Joe Paganelli
Joe Paganelli began a live concert music business career at Bill Graham Presents in 1993 as an office assistant, where he grew and learned from the nation’s most successful concert promoters. By 1998 he launched Fillmore Sessions, a series that discovered pre-eminent Bay Area fledgling acts Third Eye Blind and Train, before taking on the Fillmore San Francisco’s GM role. Leading a team between 1998-2006 that broke the profit record twice with annual EBIT north of of $1M, Joe left the company prior to the consolidation with Live Nation.
At Sony Pictures In Los Angeles, Joe worked with 120 North American record labelsand music publishers, licensing music and supporting industry-leading music supervisors on great TV shows such as Rescue Me, Boondocks, and Breaking Bad. A studio lay off allowed Joe to go independent as a music supervisor for independent films.

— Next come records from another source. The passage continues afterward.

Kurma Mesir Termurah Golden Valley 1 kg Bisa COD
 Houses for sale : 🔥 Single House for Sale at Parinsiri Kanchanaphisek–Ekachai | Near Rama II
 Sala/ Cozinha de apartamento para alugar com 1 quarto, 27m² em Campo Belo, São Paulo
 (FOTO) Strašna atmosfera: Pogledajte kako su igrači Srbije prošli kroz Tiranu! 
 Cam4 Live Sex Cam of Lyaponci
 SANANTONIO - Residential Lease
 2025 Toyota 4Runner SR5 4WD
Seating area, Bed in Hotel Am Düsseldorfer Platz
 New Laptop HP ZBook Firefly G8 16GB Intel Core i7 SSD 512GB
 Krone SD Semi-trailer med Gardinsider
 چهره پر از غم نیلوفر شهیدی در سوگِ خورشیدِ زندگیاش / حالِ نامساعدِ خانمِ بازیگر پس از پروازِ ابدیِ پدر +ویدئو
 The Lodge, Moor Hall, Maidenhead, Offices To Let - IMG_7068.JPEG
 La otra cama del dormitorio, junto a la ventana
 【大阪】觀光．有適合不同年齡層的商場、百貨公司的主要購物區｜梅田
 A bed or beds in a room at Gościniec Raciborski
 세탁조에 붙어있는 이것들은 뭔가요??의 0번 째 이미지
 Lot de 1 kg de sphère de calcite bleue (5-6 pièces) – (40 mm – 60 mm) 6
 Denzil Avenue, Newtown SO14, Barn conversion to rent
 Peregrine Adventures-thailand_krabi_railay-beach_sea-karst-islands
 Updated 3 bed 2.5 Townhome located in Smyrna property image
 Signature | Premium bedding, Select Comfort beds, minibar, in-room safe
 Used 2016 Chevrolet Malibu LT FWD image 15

By 2012, Joe joined the sales team at Flavorus, a high-volume festival and event ticketing company. Using the latest in event entry technology and social media marketing tools to provide service to the highest volume festivals such as Electric Daisy Carnival in Vegas, Joe’s partnership with the company sales director achieved 30% annual business development volume two years in a row.
Joe now runs McCaw Hall ($10M in operating and reserve funds) for City of Seattle, served on Seattle Center’s overall programming committees, and books concerts and comedy in addition to managing the business relationship with resident tenants, Pacific NW Ballet and Seattle Opera.
The Bumbershoot RFP process ended in late 2021. Greg Lundgren, Joe Paganelli, and Steven Severin’s plan to renovate the festival and transform the brand into a year-round community engagement vehicle centered around a cohort education program for BIPOC, LGBTQ+ and underserved communities, was selected to carry Bumbershoot into the next generation for the Pacific Northwest.